Given data section start

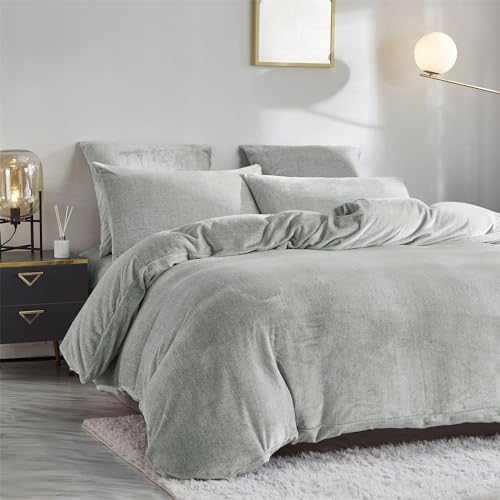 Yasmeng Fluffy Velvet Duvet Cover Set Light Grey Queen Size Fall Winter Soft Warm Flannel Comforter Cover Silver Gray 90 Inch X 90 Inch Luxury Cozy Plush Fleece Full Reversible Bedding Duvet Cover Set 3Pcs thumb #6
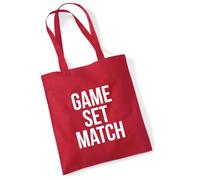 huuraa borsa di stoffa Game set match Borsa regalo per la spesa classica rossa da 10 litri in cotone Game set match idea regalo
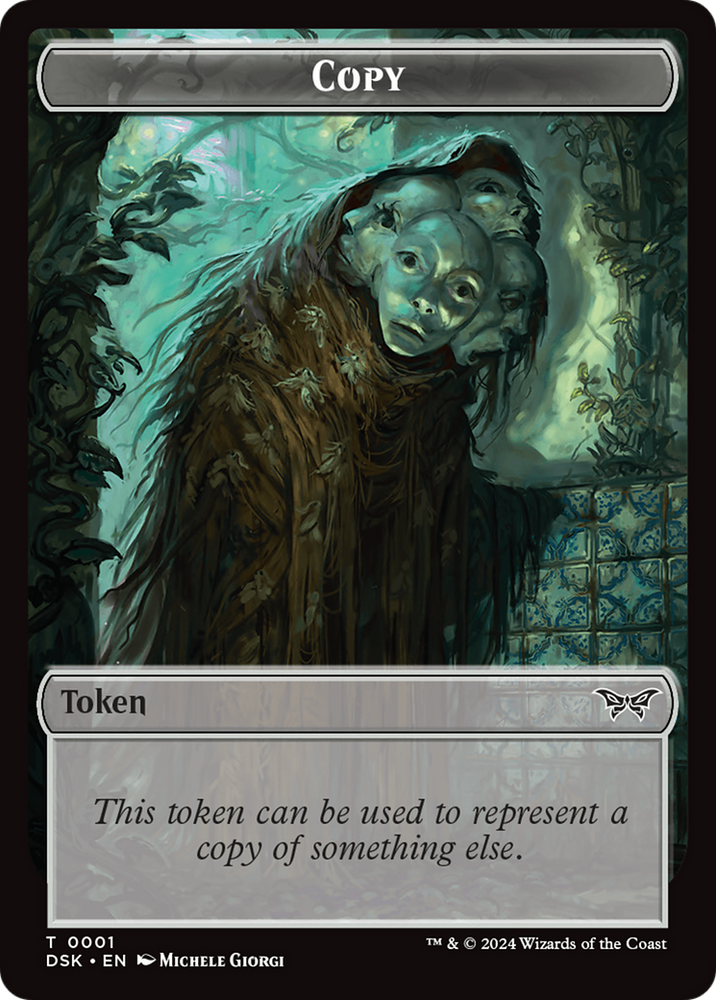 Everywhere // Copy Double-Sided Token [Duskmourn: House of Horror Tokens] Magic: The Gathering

Given data section end

Instructions for the task → Using the material above, restate word for word the lines from the line that has "huuraa borsa di" to the last line, inclusive, with pictures omitted.

Result →
 huuraa borsa di stoffa Game set match Borsa regalo per la spesa classica rossa da 10 litri in cotone Game set match idea regalo
 Everywhere // Copy Double-Sided Token [Duskmourn: House of Horror Tokens] Magic: The Gathering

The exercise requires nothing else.